Ms. Johnstone is also correct when she notes, “(T)his government structure reflects a societal value: homeless cats and dogs are just another waste stream.” The problem of homeless dogs and cats is enormous, overwhelmingly so. Our culture of disposability where something old with a little less sheen- shoes, cell phones, computers, cars- is traded in for something new and shiny is pervasive in this country. Unfortunately, for dogs and cats in the shelter system, the consequences of pathological consumerism and irresponsibility are life-threatening. Millions die every year for no reason other than someone, somewhere, had something better to do.
Yet…
There is happiness in these photos, and hope. You see absolute joy in the eyes of these dogs. You see freedom, however temporary, from kennels and disinfectants and cage doors and hour after hour of deafening barking that echoes and echoes and echoes (sit in a kennel for an afternoon and you will understand how maddening it is). You see happiness as they walk, smell, run and take in a few hours of sunshine. You see them as they should be: free.

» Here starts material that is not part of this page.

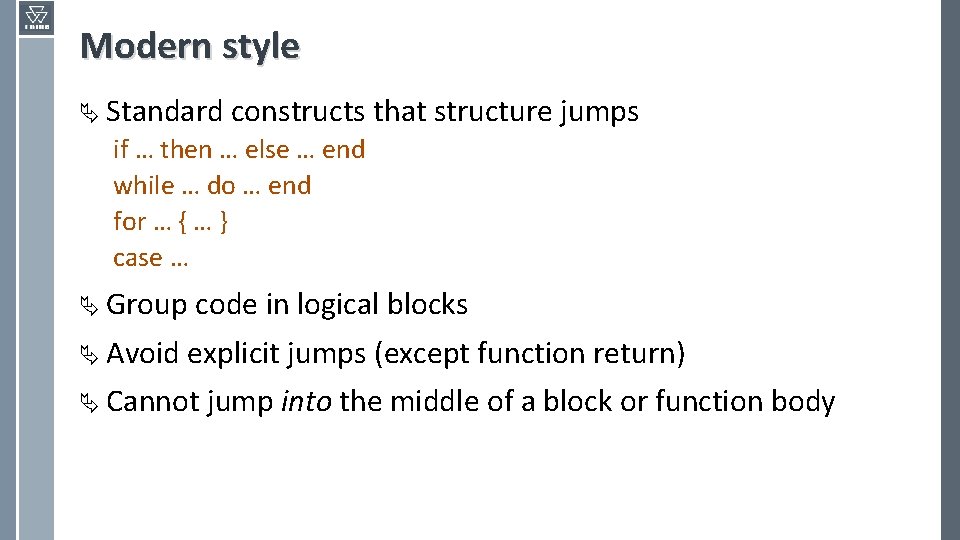 Modern style Ä Standard constructs that structure jumps if … then … else …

The Landfill Dogs project is rooted in the belief that at least some of these dogs will be adopted and have a happy ending. If not, if their story takes a different turn, then at least they have had one great fun day filled with treats and scratches and belly rubs. If we can’t save them all, we can at least do that. Yes, there is a hope in this project that is, for me, infectious. It makes me want to believe just a little bit more and maybe tomorrow I will. In the mean time, I will hug my dogs, I will kiss their faces and I will promise, for the millionth time, that to keep them safe, warm and in my heart for as long as they grace my life.
I encourage everyone to visit Landfill Dogs for yourself. Absorb it, learn from it and then spread the word. Lives will be saved.